There are lots of data that can be best represented over time in terms of how they fit in a daily pattern. E.g. Temperature is lower at night, and higher in the day even as one night in June could be warmer than many days in January in North America. Comparing peaks and troughs is less useful without considering time of day, and the day relative to multi-day weather patterns.

This can be applied to user sign-ups in a website, or the speed of computation on background jobs, or .... you name it. This visualization intends to show data over time.

Before you get started, be sure you `brew install ffmpeg` or whatever you need to do on your system.

In [None]:
import datetime

from matplotlib import pyplot as plt
from matplotlib import animation
from matplotlib import patches
from matplotlib import rc
from matplotlib import ticker

import numpy
import pandas

from IPython.display import HTML

### The input
The simplest way to understand the data we are considering is through a query like this: 

```
select 
  date_trunc('minute', created_at)
  , count(*) 
from some_record_type 
group by 1 
order by 1;
```

In [None]:
df = pandas.read_csv('counts_by_minute.csv')
df.head()

## Data Enrichment 
We will benefit from some extra fields here. The key fields are `age` and `minute_mark` for later calculations, but others might help your visualization.

In [None]:
df['datetime']= pandas.to_datetime(df['date_trunc'], infer_datetime_format=True)
df['age'] = df.apply(lambda row: (datetime.datetime.now() - row['datetime']).days, axis=1)
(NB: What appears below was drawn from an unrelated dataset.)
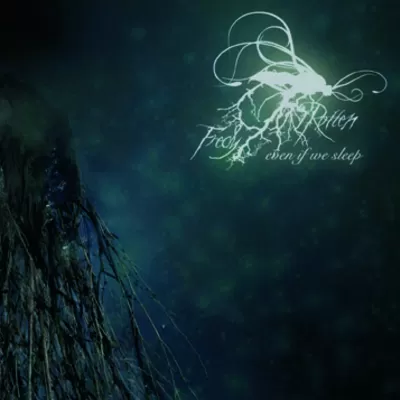 Fredy Rotten - Even if we sleep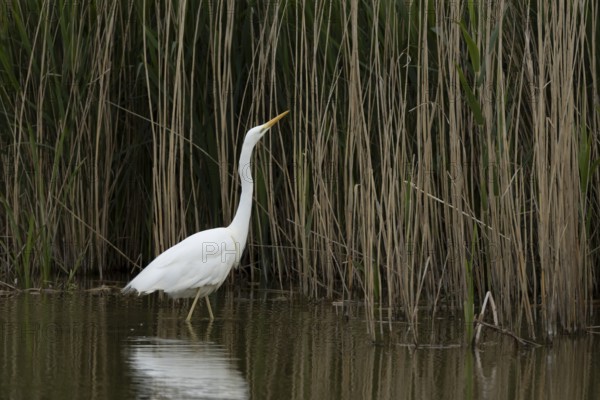 Great white egret (Ardea alba) adult bird in water next to a reedbed, England, United Kingdom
df['time'] = df.apply(lambda row: row['date_trunc'].split()[1], axis=1)
df['minute_mark'] =  df.apply(lambda row: int(row['time'].split(':')[0])*60 + int(row['time'].split(':')[1]), axis=1)

df['date'] = df.apply(lambda row: row['date_trunc'].split()[0], axis=1)

df.set_index('datetime')
df.head()

## Helper Functions

We want pretty data output, these helpers will aid in outputting data correctly. Note some comments have been left to help as you run into data issues. Ideally, we'd not have a magic string in `color_from_percent`...but trust me.

In [None]:
@ticker.FuncFormatter
def major_formatter(x, pos):
    return '{}:{}'.format(x // 60, int(x % 60))

#15 point decimal scale - 0-F
MAX_GREYSCALE = 10
def color_from_percent(row):
    #try:
        rgb = 3 * [ str(hex(int(10 * (1 - row['normalized_age'])))[2:]) * 2 ]
        return '#{}'.format(''.join(rgb))
    #except Exception as e:
    #    print(row)
    #    raise e


In [None]:
class RecordAnimator(object):
    DEFAULT_COLOR = "#0000FF"

    def __init__(self, dataframe, slice_width=7, framerate=300):
        self.dataframe = dataframe
        self.max_y = dataframe['count'].max()
        self.max_x = 60*24
        self.max_age = dataframe['age'].max()
        self.min_age = dataframe['age'].min()
        self.slice_width = slice_width
        
        self.figure = plt.figure(figsize=(15,10))
        print('fig size: {0} DPI, size in inches {1}'.format(
            self.figure.get_dpi(), self.figure.get_size_inches()
        ))
        self.axes = plt.axes()
        
        self.animation = animation.FuncAnimation(
            self.figure, 
            self.animate, 
            frames=self.max_age - self.min_age - slice_width,
            interval=framerate
        )

    def clear(self):
        for ax in self.figure.get_axes():
            ax.clear()
        plt.legend(handles=[])
    
    def configure_axes(self):
        self.axes.tick_params(which='major', width=1.00, length=8)
        plt.xlim(0, self.max_x)
        plt.ylim(0, self.max_y)
        plt.xticks(rotation='vertical')
        plt.margins(0.6)
        plt.subplots_adjust(bottom=0.15)
        self.axes.xaxis.set_major_formatter(major_formatter)
        self.axes.xaxis.set_major_locator(ticker.MultipleLocator(60))
        self.axes.xaxis.set_minor_locator(ticker.MultipleLocator(15))      

        
    def get_segment(self, i):
        stop = self.max_age - i
        start = stop - self.slice_width
        if start % self.slice_width == 0:
            print("Getting segment from {} to {}".format(start, stop))
        return self.dataframe \
            .loc[df['age'] >= start] \
            .loc[self.dataframe['age'] <= stop]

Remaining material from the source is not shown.